PROC PRINQUAL produces an iteration history table that displays (for each iteration) the iteration number, the maximum and average absolute change in standardized variable scores computed over the iteratively transformed variables, the criterion being optimized, and the criterion change. In order to examine the results of the analysis in more detail, you can analyze the information in the output data set by using other SAS procedures.
Specifically, use the PRINCOMP procedure to perform a principal components analysis on the transformed data. PROC PRINCOMP
accepts the raw data from PROC PRINQUAL but issues a warning, because the PROC PRINQUAL output data set has _NAME_
and _TYPE_
variables but is not a TYPE=CORR data set. You can ignore this warning.

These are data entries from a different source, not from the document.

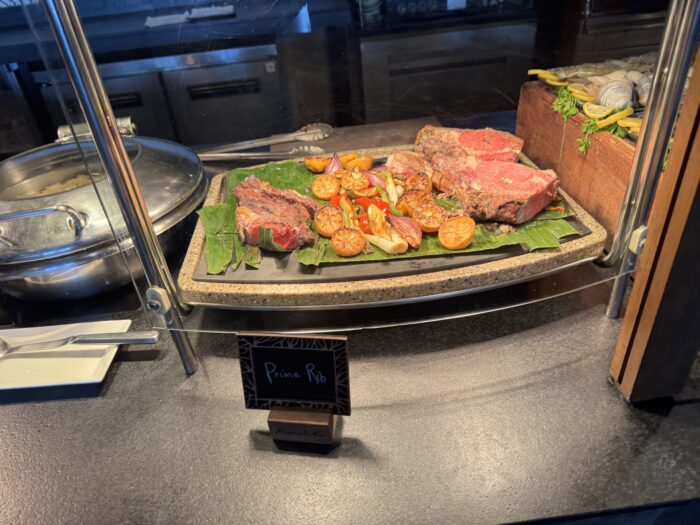 Secrets Moxché Resort Restaurants & Bars Review secrets moxche market cafe lunch dinner buffet 700x525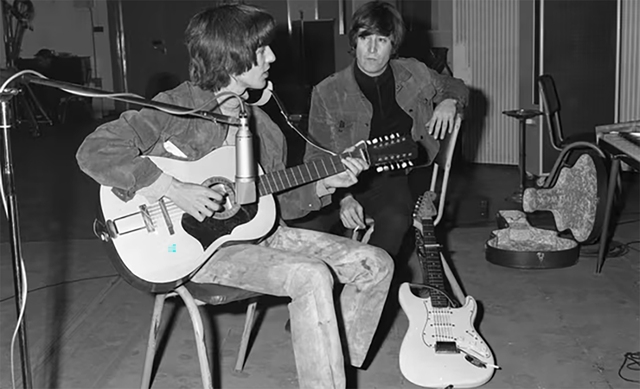 John Lennon đánh cây đàn này vào thập niên 1960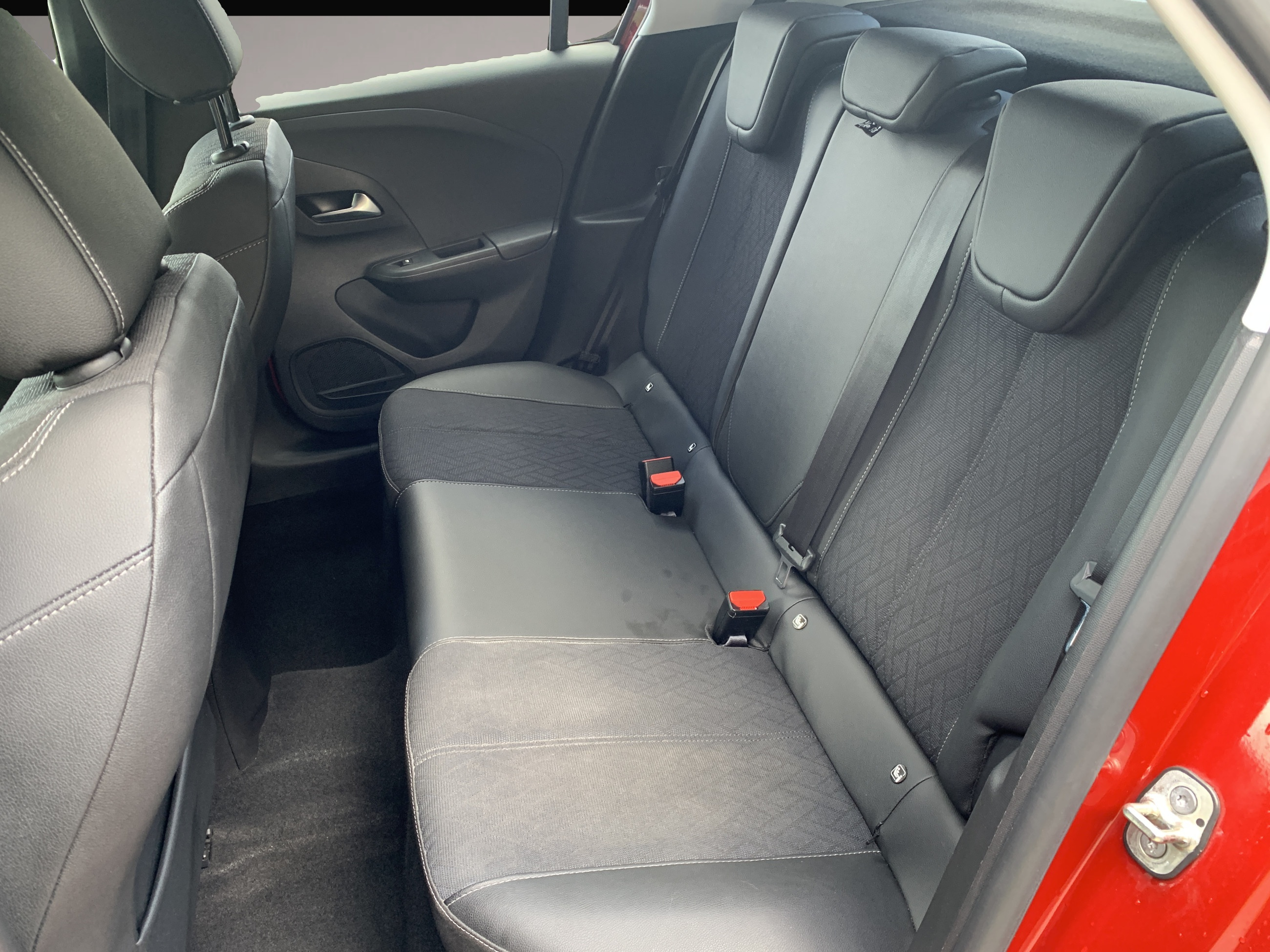 Opel Corsa (10/2021, Benzin)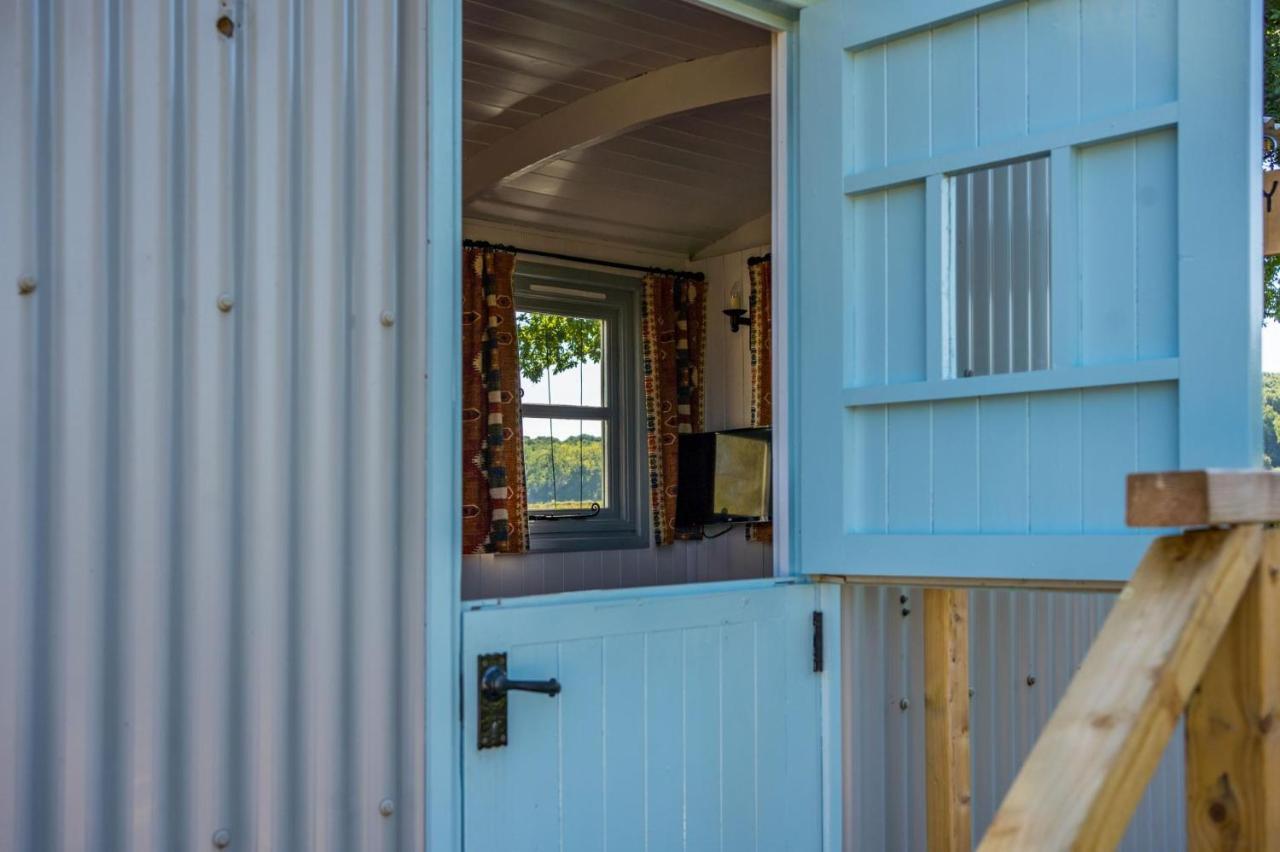 The Hideaway Hut - 1 Bed Shepherds Hut - Hereford Buitenkant foto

If the output data set contains both scores and correlations, you must subset it for analysis with PROC PRINCOMP. Otherwise, the correlation observations are treated as ordinary observations and the PROC PRINCOMP results are incorrect. For example, consider the following statements:
proc prinqual data=a out=b correlations replace; transform spline(var1-var50 / nknots=3); run; proc princomp data=b; where _TYPE_='SCORE'; run;
Also note that the proportion of variance accounted for, as reported by PROC PRINCOMP, can exceed the proportion of variance accounted for in the last PROC PRINQUAL iteration. This is because PROC PRINQUAL reports the variance accounted for by the components analysis that generated the current scaling of the data, not a components analysis of the current scaling of the data.